Fresh Oysters: Upgraded to half dozen for $8 more
We started our dinner with the first upgrade of the night. With the standard DOV menu, you can have three fresh shucked oysters. For an extra $8, you can upgrade that to a half-dozen or you can spend $15 more to make it a full dozen. We were neither told nor offered the choice for where these oysters were from, but they were the standard small-to-medium kind of size, accompanied with lemon, horseradish, Tabasco and a vinaigrette.
They were all slightly sweet and slightly briny, as I like my oysters to be. With a number of buck-a-shuck happy hours around town, there is certainly no shortage of fresh oysters in Vancouver and Cork & Fin can hold its own in this regard.
Lobster Bisque: Brandied apples, charred scallions
I’m accustomed to lobster bisque that is a little more red in color. Even so, the Cork & Fin take on the classic soup was perfectly fine for what it was, offering a not-too-rich savoriness. There were two or three marble-sized chunks of lobster in there that were balanced off by the sweetness of the brandied apple cubes. Not remarkable, but not terrible.
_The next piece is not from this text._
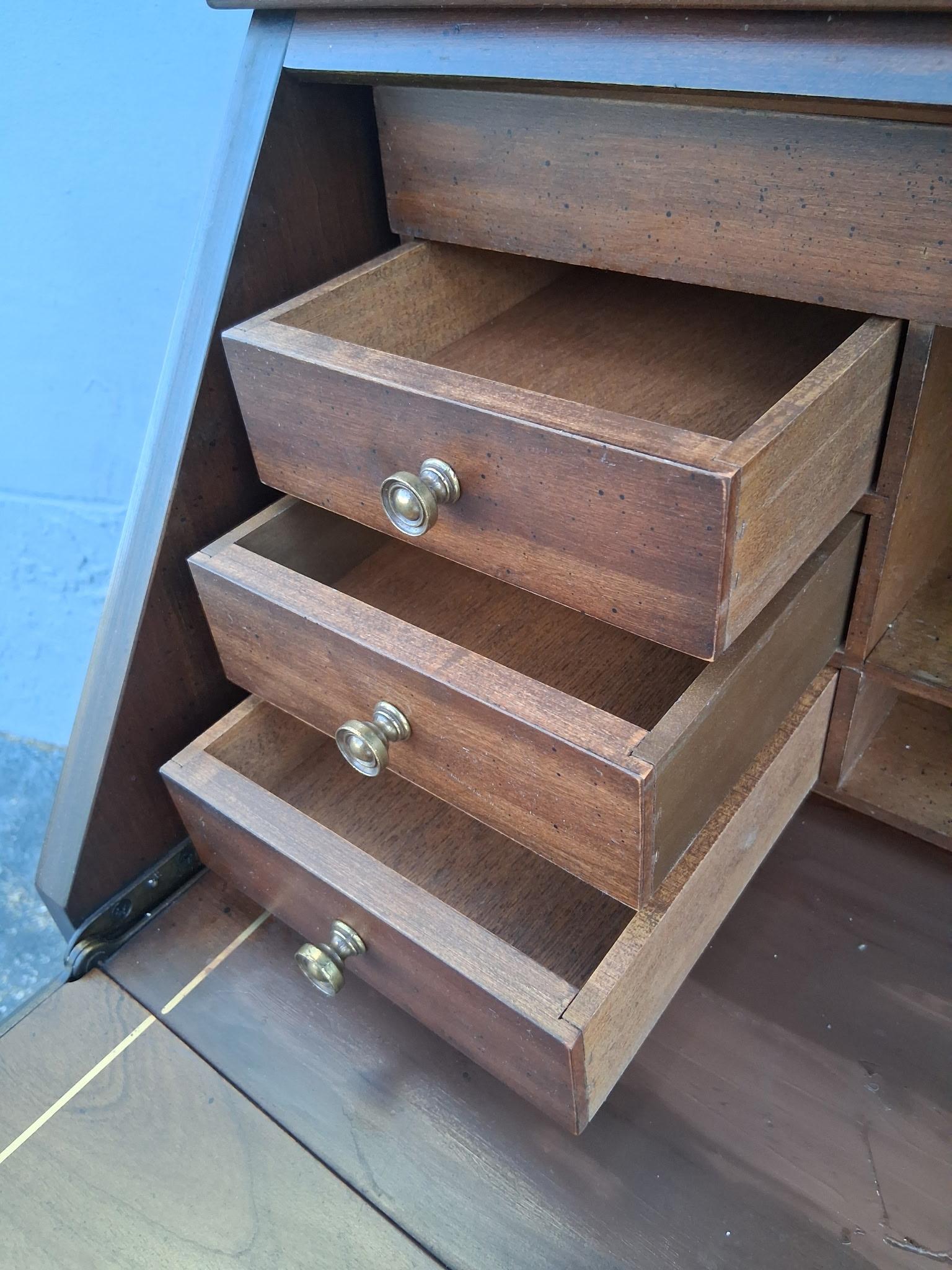 1960er Jahre Traditionelle Campaigner geschnitzt Nussbaum 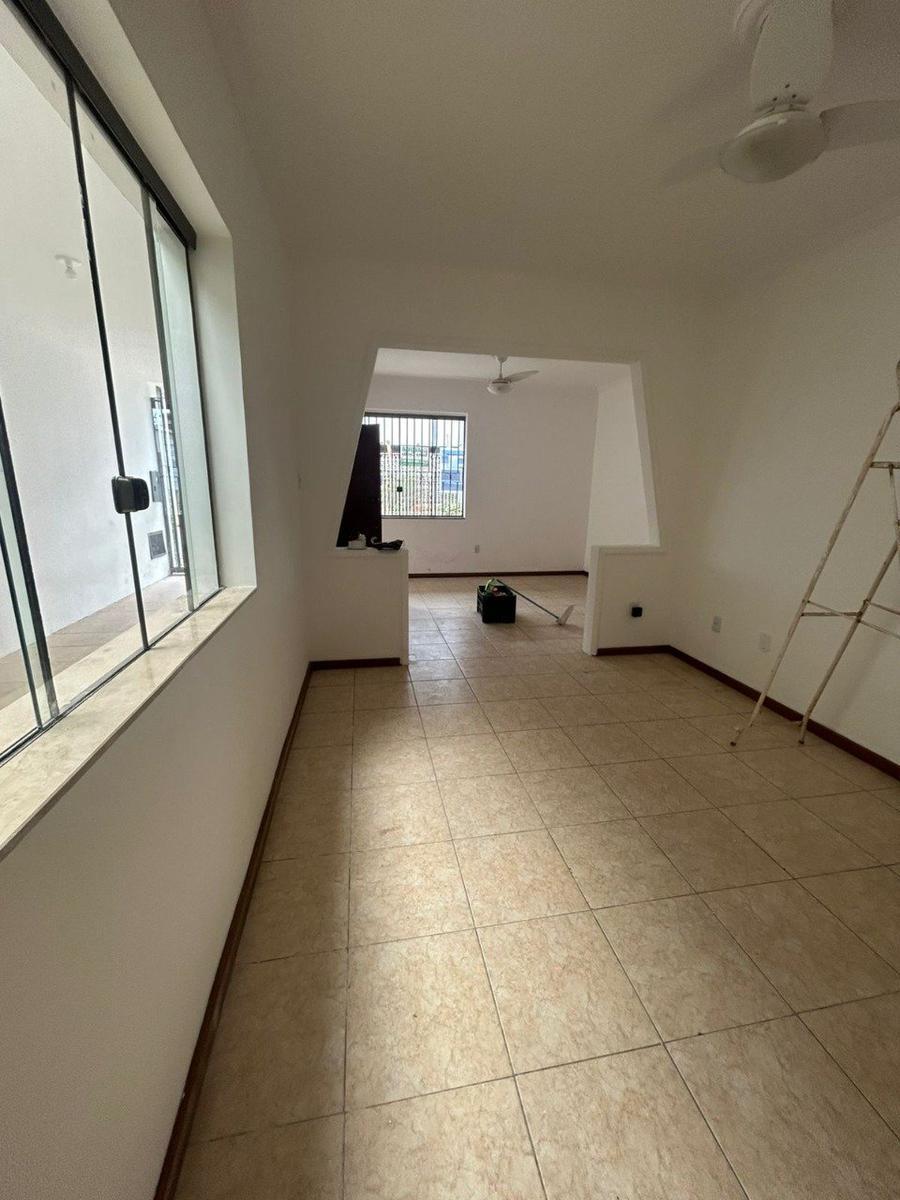 Casa, Centro, 3 Quartos, 1 Vaga, 1 Suíte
Pate Breton: Bacon, fig, walnut, apple gastrique
For one of our second courses, we opted for a fairly sizable piece of pate. It was a good centimeter thick and about the size of a playing card. The pate was chunkier in texture, which made it a little more difficult to spread across the crispy baguette slices. I also wish there was more bread as the ratio was decidedly off here.
Octopus & Chorizo: Toasted brioche, salsa roja
The other second course features a few thick-cut slices of octopus with an equal number of chorizo pieces. Whereas the baguette with the pate may have been a little too crisp, the “toasted” brioche here may have been a little too soft. I did like the tenderness of the octopus.
Flank Steak: Sous-vide med-rare, confit potato, braised purple cabbage
As another upgrade, I ordered the sous-vide flank steak. My steak was cooked to a great medium-rare and, because of the sous vide, the usually cheaper cut of beef came out very juicy and tender. I just wish there was more of it, especially since this was an upgrade item. I imagine there was only four to six ounces here and it would have looked even smaller were it not pre-sliced. The little confit potatoes were simple but tasty too.
Arctic Char: Local, pan seared char, gnocchi, edamame
We were generally not as happy with the arctic char. The meat itself was just okay, but I really like having a far crispier skin with a fish like this, especially to offset the softer consistency of the gnocchi.
From the outside, Cork & Fin looks like it’d be a pretty hip place for dinner and, even looking through the standard menu, the pricing appears to be lower than many nearby alternatives. However, based on our Dine Out Vancouver experience here, the portion sizes are decidedly on the smaller side and the overall execution and creativity are mostly forgettable.
The total bill for two–including upgrades, one beer, taxes and gratuity–came to $95.